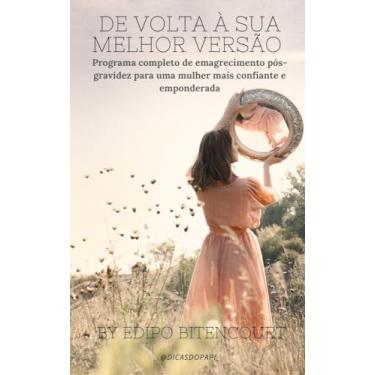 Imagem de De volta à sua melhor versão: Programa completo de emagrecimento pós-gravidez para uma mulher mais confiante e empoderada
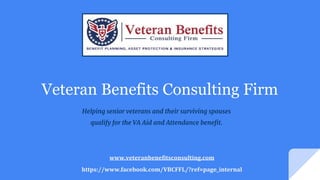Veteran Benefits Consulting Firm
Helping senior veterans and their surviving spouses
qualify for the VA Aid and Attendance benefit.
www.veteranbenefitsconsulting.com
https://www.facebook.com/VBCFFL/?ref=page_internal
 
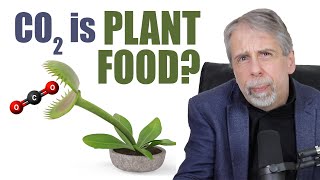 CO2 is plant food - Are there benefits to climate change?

________________________________________

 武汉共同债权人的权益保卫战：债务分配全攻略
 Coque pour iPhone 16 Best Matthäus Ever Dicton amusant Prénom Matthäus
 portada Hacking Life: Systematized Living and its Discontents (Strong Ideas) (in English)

________________________________________

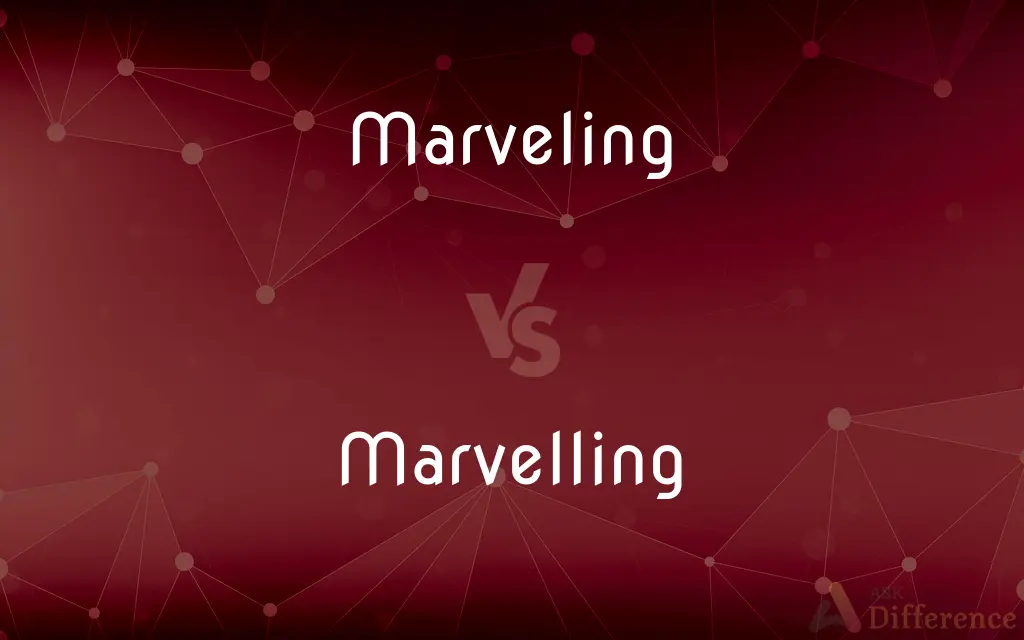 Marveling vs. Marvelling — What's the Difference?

________________________________________

WHAT NEEDS TO BE DONE — Exactly the lines above, from the one containing "qualify for the" down to the one containing "CO2 is plant", are to be repeated, including both ends. Pictures are not part of the copy.

ANSWER AREA —
qualify for the VA Aid and Attendance benefit.
www.veteranbenefitsconsulting.com
https://www.facebook.com/VBCFFL/?ref=page_internal
 
 CO2 is plant food - Are there benefits to climate change?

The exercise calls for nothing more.